**Task prompt:**
Return nothing but the lines from the one with "16 Circle Drive, Eastover, SC 29044" through the one with "-新疆兵团食府清真(马连道店)" in the data below, word for word and without pictures.

**Available data:**
◇ ◇ ◇ ◇ ◇
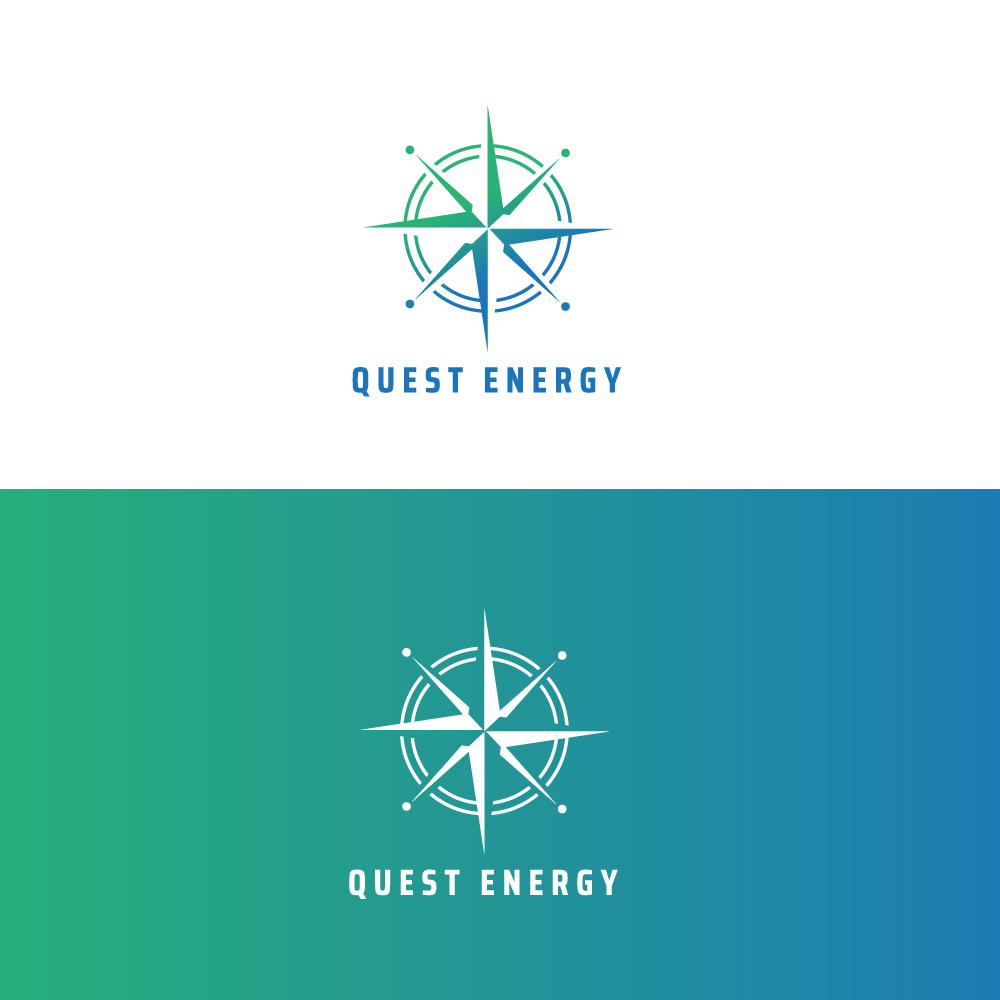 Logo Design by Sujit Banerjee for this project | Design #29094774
◇ ◇ ◇ ◇ ◇
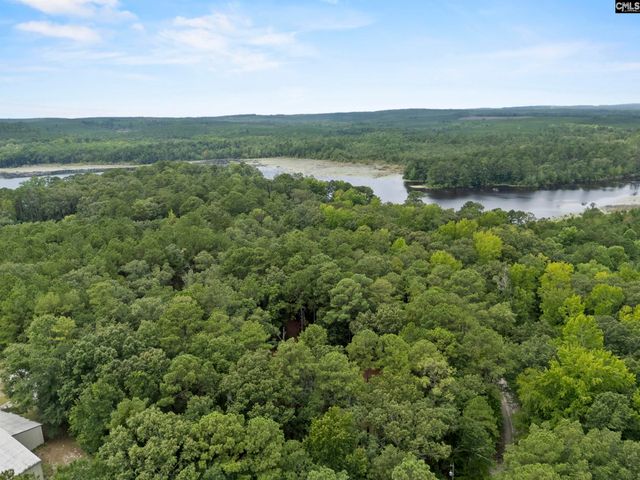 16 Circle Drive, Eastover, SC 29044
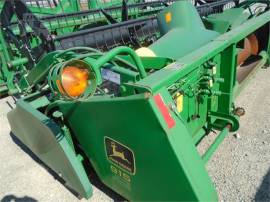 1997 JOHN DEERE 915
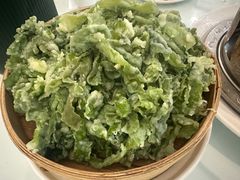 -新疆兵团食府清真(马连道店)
◇ ◇ ◇ ◇ ◇
**Task output:**
 16 Circle Drive, Eastover, SC 29044
 1997 JOHN DEERE 915
 -新疆兵团食府清真(马连道店)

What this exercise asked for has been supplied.